Content starts

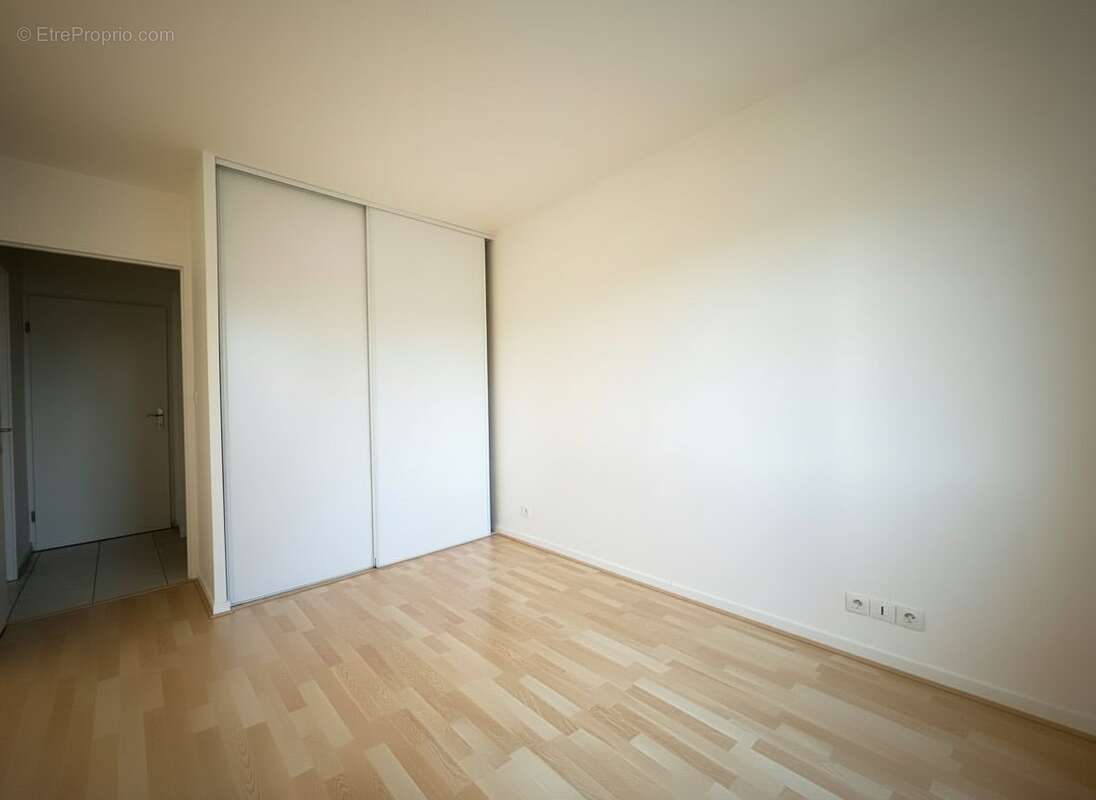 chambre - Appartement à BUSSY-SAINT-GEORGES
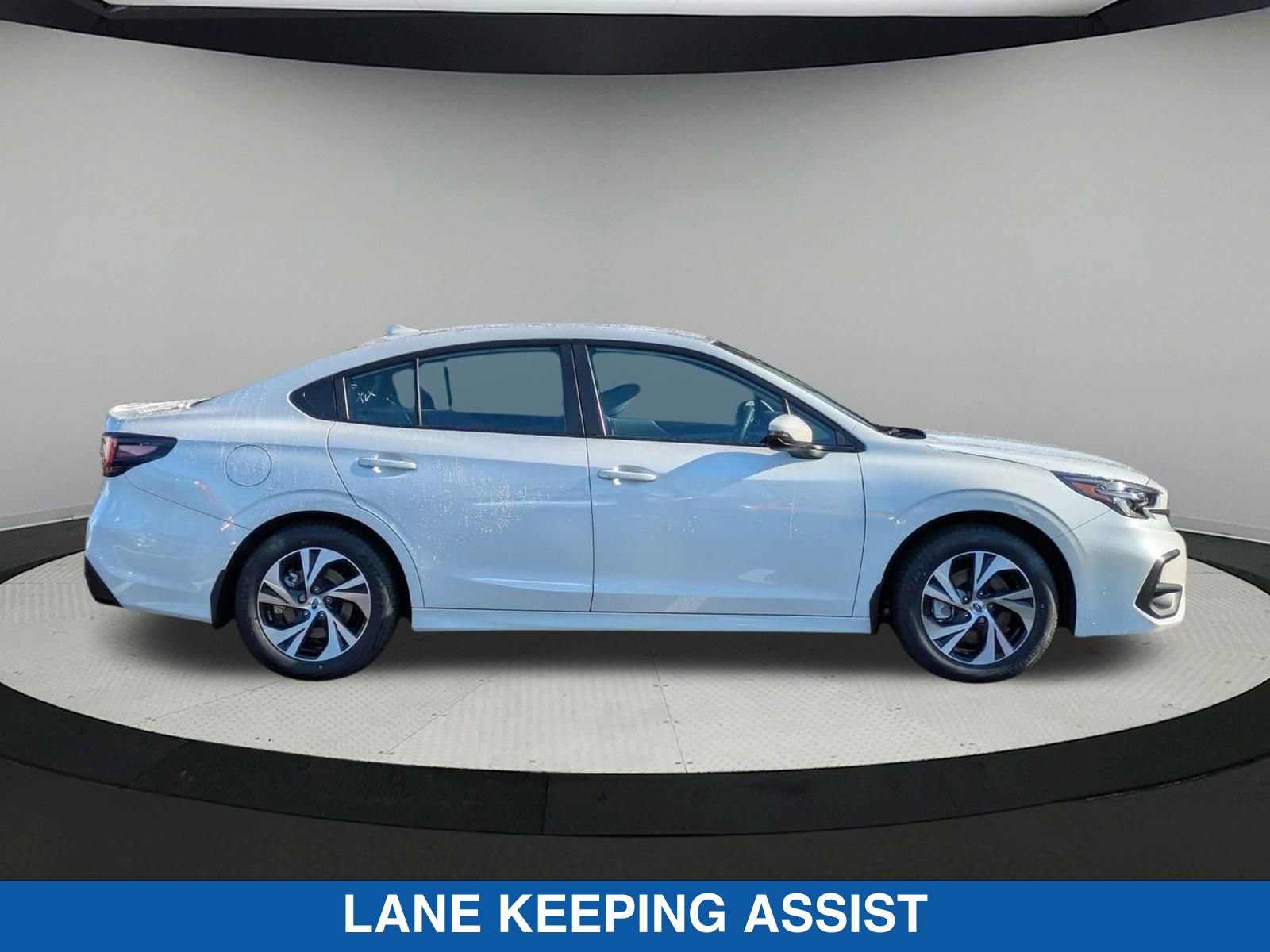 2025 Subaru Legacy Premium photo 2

Content ends
Content starts

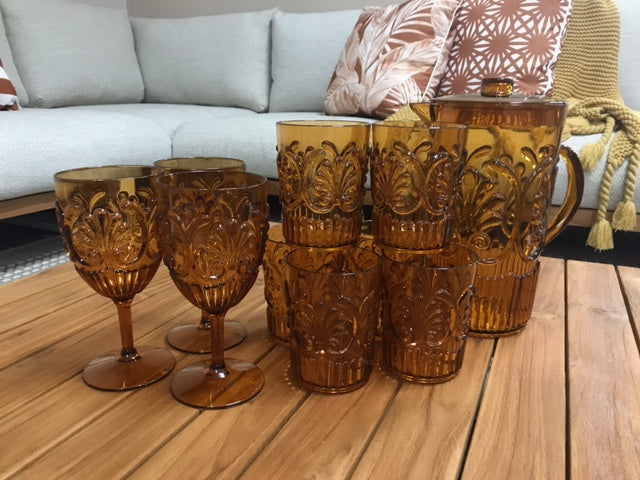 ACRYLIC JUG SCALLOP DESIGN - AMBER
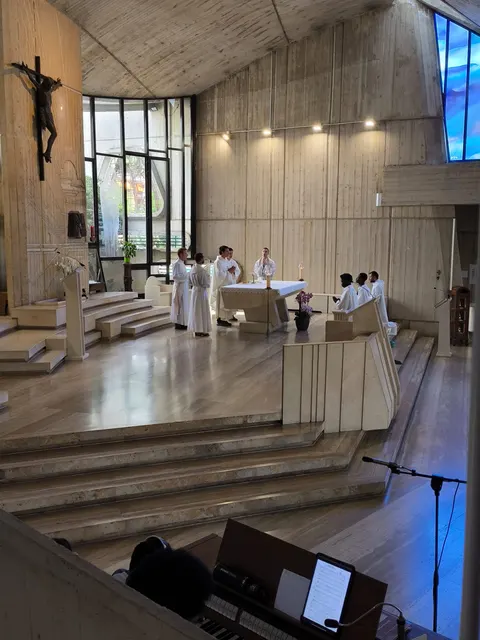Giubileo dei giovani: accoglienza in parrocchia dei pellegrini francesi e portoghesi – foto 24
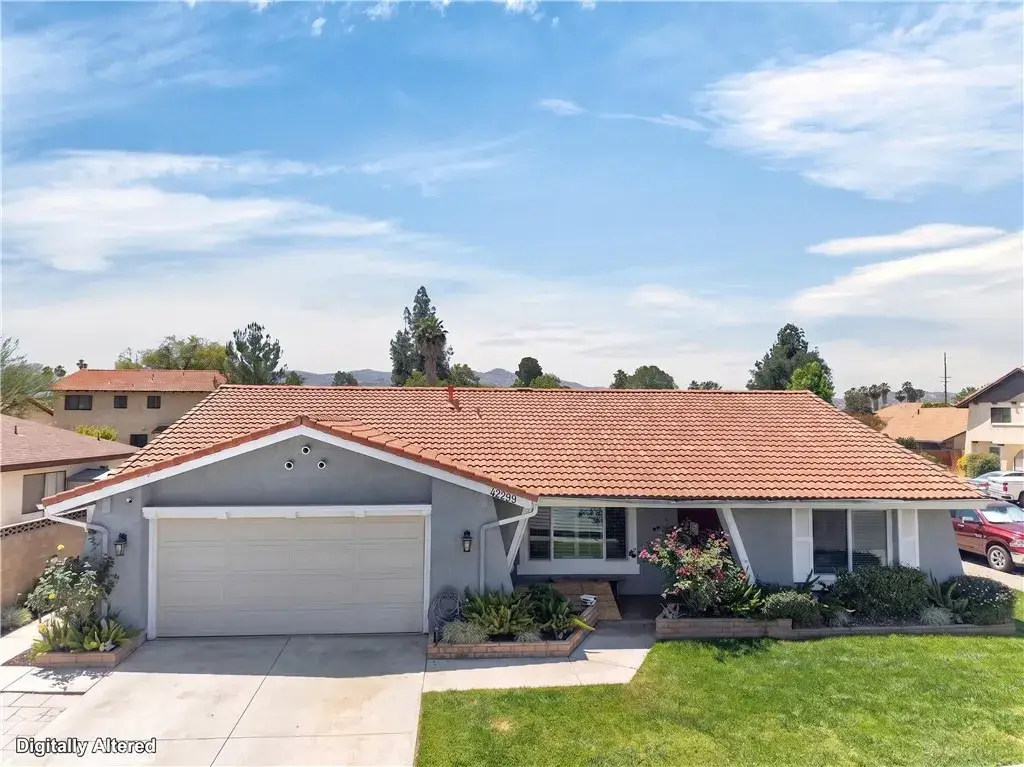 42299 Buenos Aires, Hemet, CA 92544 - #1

Content ends
Content starts

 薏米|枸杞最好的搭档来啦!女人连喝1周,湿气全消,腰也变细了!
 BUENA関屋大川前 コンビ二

Content ends

Lines wanted from the entries above: the one with "Giubileo dei giovani: accoglienza", the one with "42299 Buenos Aires, Hemet, CA 92544 - #1", and all lines between. Please copy them exactly, without the pictures and without anything else.

=== FINAL ANSWER ===
Giubileo dei giovani: accoglienza in parrocchia dei pellegrini francesi e portoghesi – foto 24
 42299 Buenos Aires, Hemet, CA 92544 - #1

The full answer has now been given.